■ What needs to be done
Restate the data below word for word. Skip any images it contains.

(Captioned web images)
● ● ● ● ● ● ●

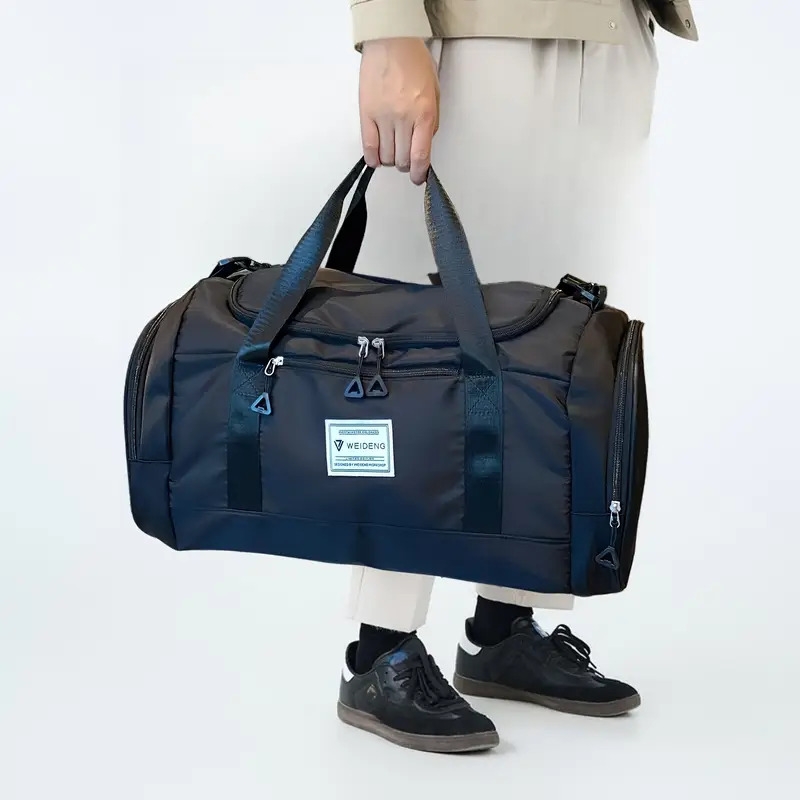 运动健身包男大容量旅游手提包牛津布装衣服行李包短途外出旅行包 商品详情 0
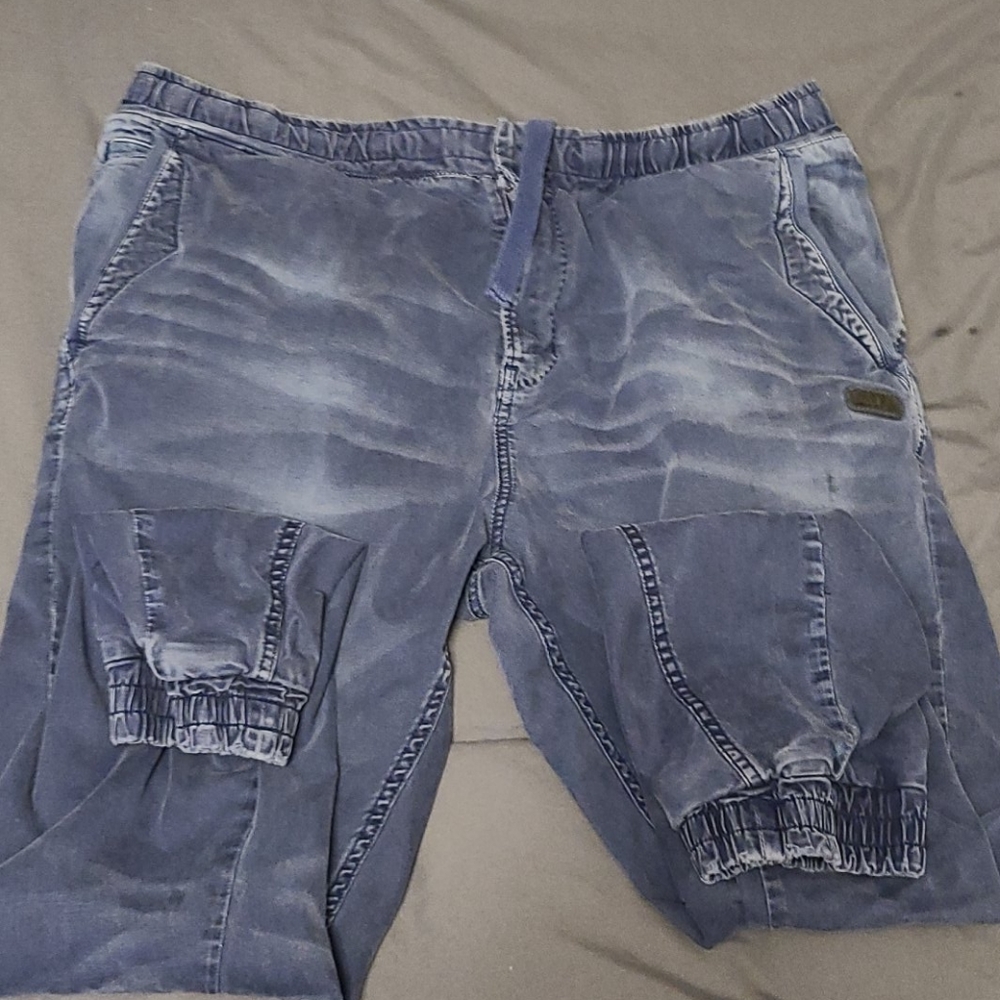 Blue PRPS pants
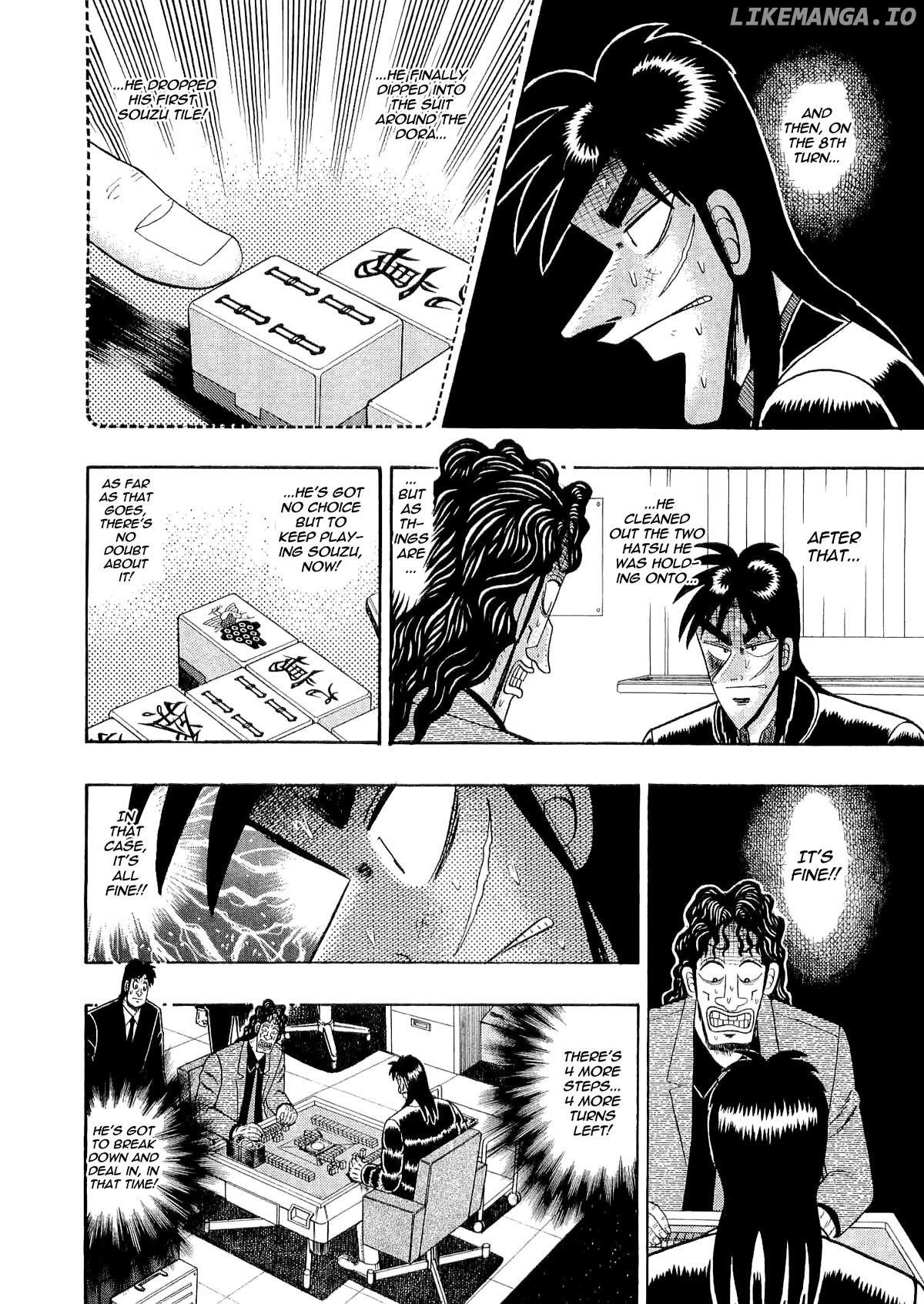 Gambling Outcast Kaiji - Kaiji Part 3 chapter 31 - page 5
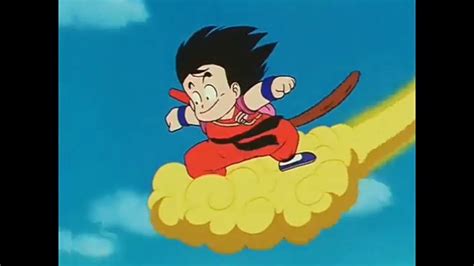 Goku Pequeno Na Nuvem - Goku se revolta e solta o gemidao do watsap na nuvem voadora - YouTube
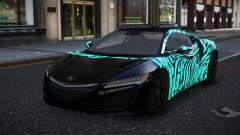 Acura NSX Vandox S3 pour GTA 4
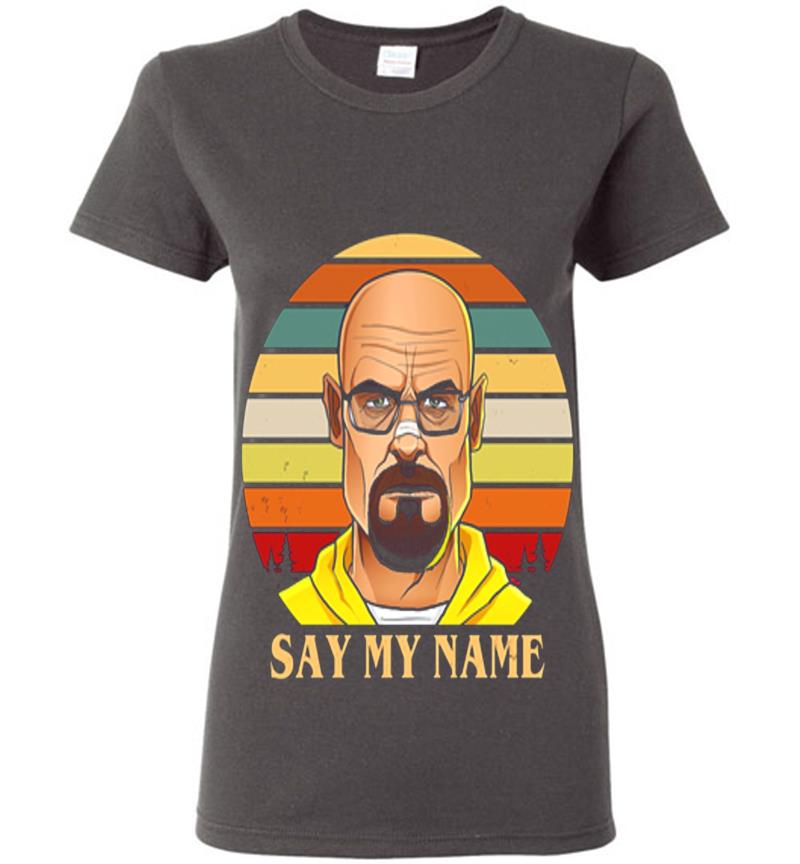 breaking bad women's t shirt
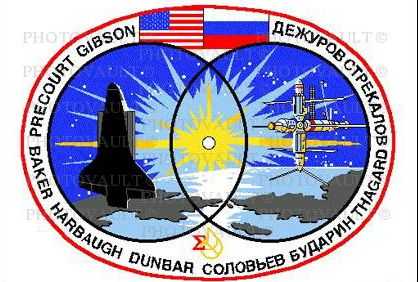 Space Shuttle, Patch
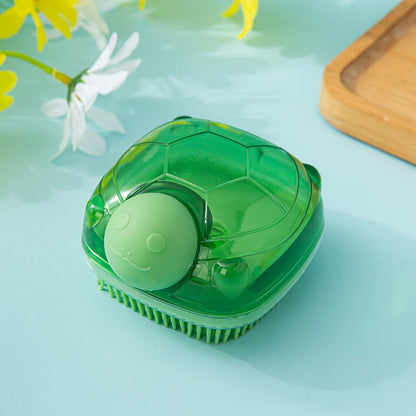 แปรงอาบน้ำซิลิโคนสำหรับสัตว์เลี้ยง - 图片11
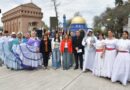 La intendente Fuentes participó de la apertura del primer festival cultural del Inmigrante en el Parque del Encuentro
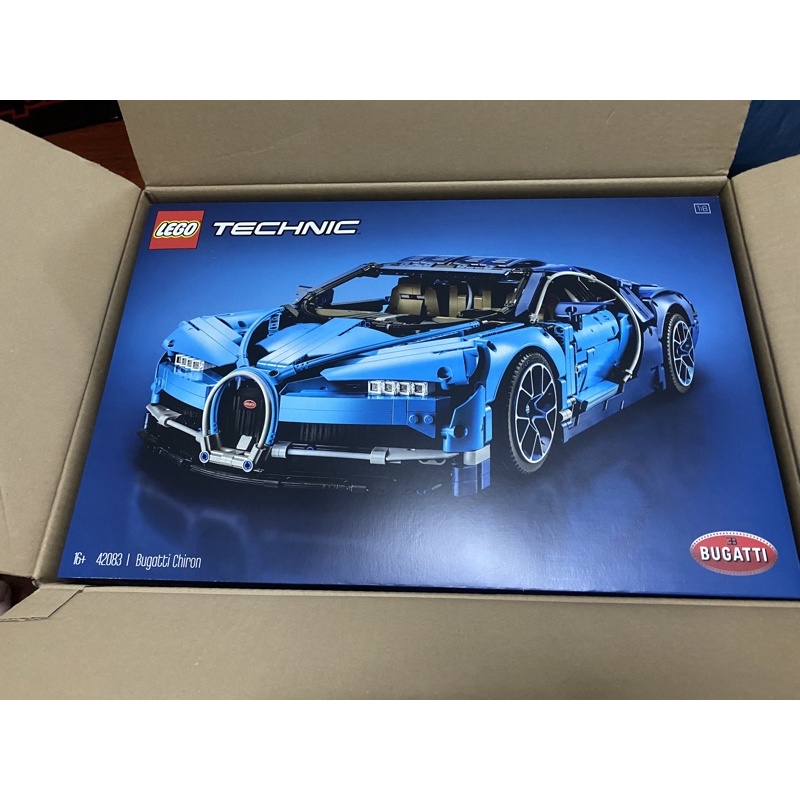 現貨絕版LEGO 樂高 42083 科技系列 布加迪 Bugatti 全新未拆 原盒原箱 保證正版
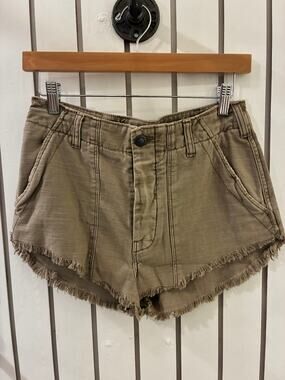 Free People Denim Shorts Size 4 NWT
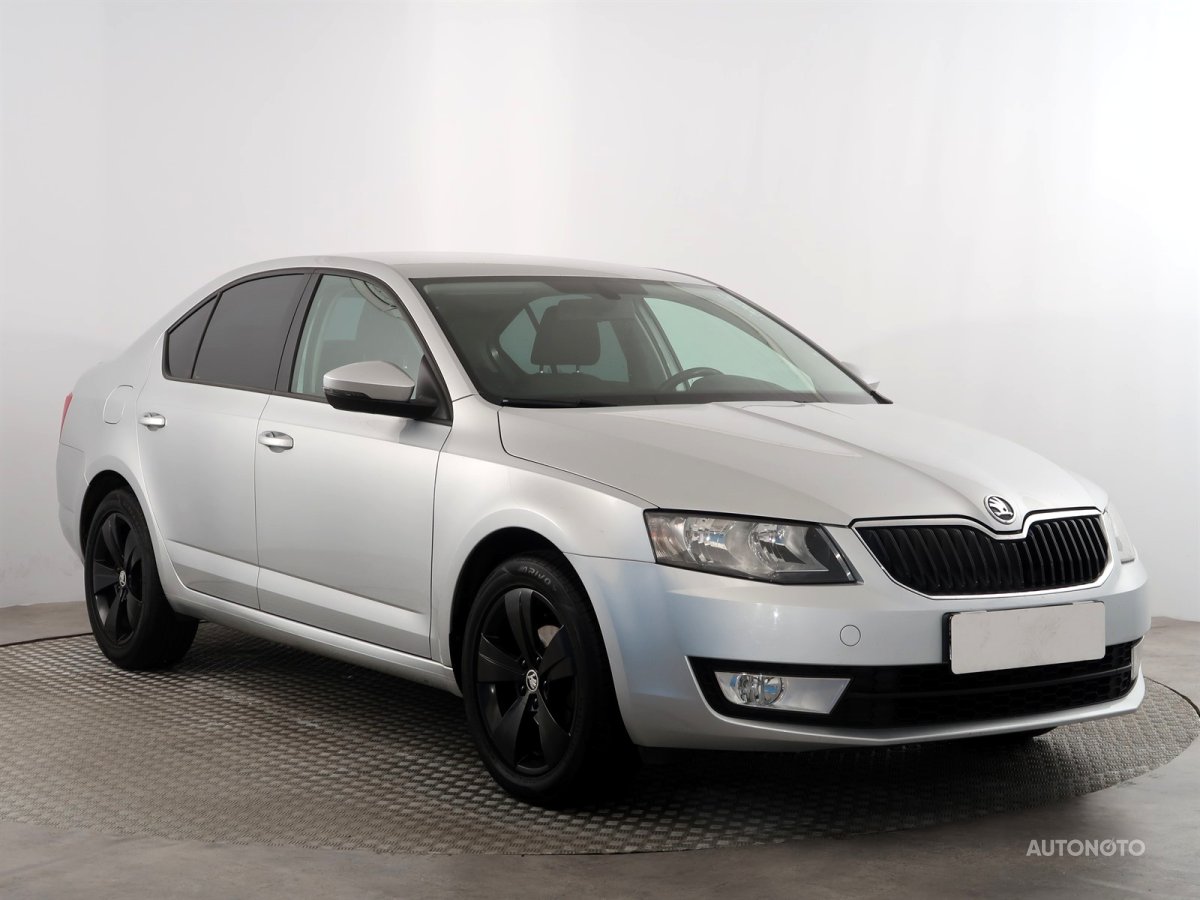 Škoda Octavia, 2015 - celkový pohled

● ● ● ● ● ● ●

■ Result below
 运动健身包男大容量旅游手提包牛津布装衣服行李包短途外出旅行包 商品详情 0
 Blue PRPS pants
 Gambling Outcast Kaiji - Kaiji Part 3 chapter 31 - page 5
 Goku Pequeno Na Nuvem - Goku se revolta e solta o gemidao do watsap na nuvem voadora - YouTube
 Acura NSX Vandox S3 pour GTA 4
 breaking bad women's t shirt
 Space Shuttle, Patch
 แปรงอาบน้ำซิลิโคนสำหรับสัตว์เลี้ยง - 图片11
 La intendente Fuentes participó de la apertura del primer festival cultural del Inmigrante en el Parque del Encuentro
 現貨絕版LEGO 樂高 42083 科技系列 布加迪 Bugatti 全新未拆 原盒原箱 保證正版
 Free People Denim Shorts Size 4 NWT
 Škoda Octavia, 2015 - celkový pohled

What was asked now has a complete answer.